Lao National Television (officially abbreviated as TNL LNTV, ໂທລະພາບແຫ່ງຊາດລາວ (ສທລ) (ທຊລ)) is the national television station of the country of Laos. It is divided into 2 television channels, LNTV1 and LNTV3. The network's logo is based on the national symbol – Pha That Luang. LNTV has broadcast in English, French, Khmu and Lao languages.

==History==
Long before the creation of LNTV, Laotians had access to overspill television signals from neighboring Thailand.

Lao National Television was established and began broadcasting television programs on December 1, 1983. At that time, the television station carried out pilot broadcasts twice a week, and later gradually increased the broadcast time.

At the beginning of its operations, LNTV broadcast only in Vientiane with Soviet support. Resources to operate the station were poor, coupled by the country's geographic and economical problems, with a small number of viewers having access to the channel and its schedule lasted for an average of two to three hours per evening.

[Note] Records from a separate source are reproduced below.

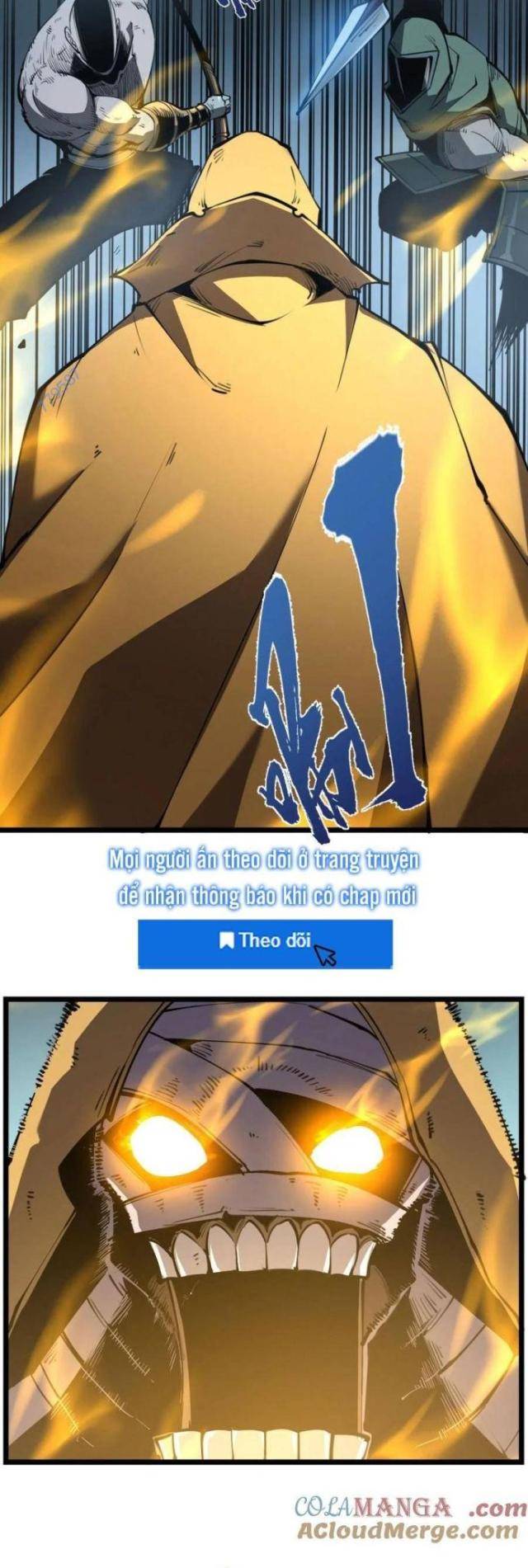 Ta Dựa Vào Nhặt Rác Trở Thành Vương Giả: Chapter 26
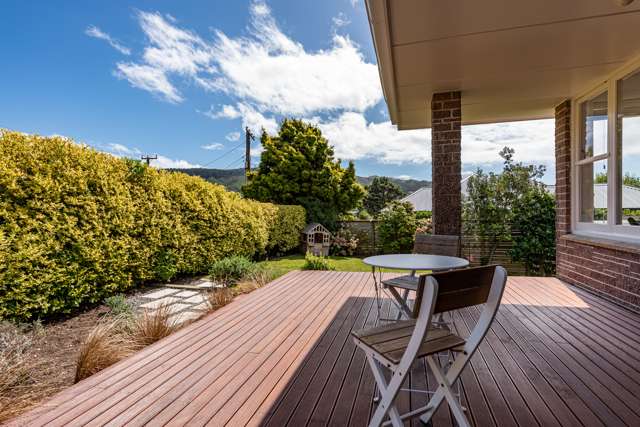 40 Tawa Terrace Tawa_4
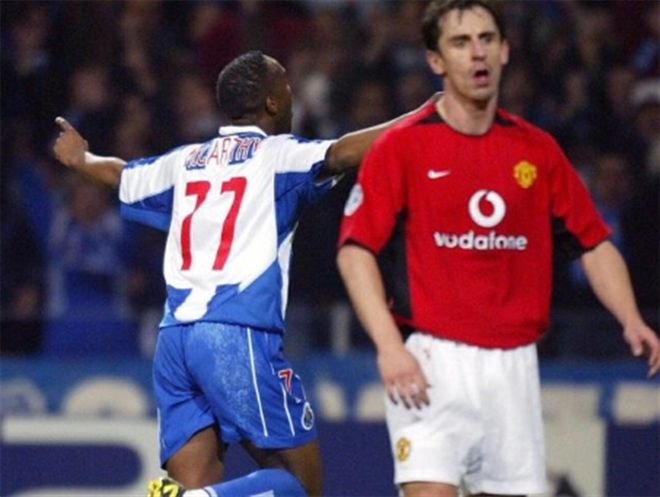 更加丰富多 更加丰富多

Work for new facilities began on January 12, 2001, with assistance from Vietnam Television.

On September 2, 2015, Lao National Television signed a new cooperation agreement with Vietnam Television, and Lao National Television started producing and broadcasting Vietnamese-language news programs

In September 2019, with the aid of China, LNTV Channel 3 was upgraded from standard definition to high definition.

==Channels==

| Name | Channel | Launched | Broadcasting hours | Ref |
| LNTV1 | VHF 9 | 1983 | 05:00-23:00 |  |
| LNTV3 | UHF 33 | 1994 | 05:00-23:00 |

==See also==
- Lao National Radio, an organization that was once affiliated with this television station.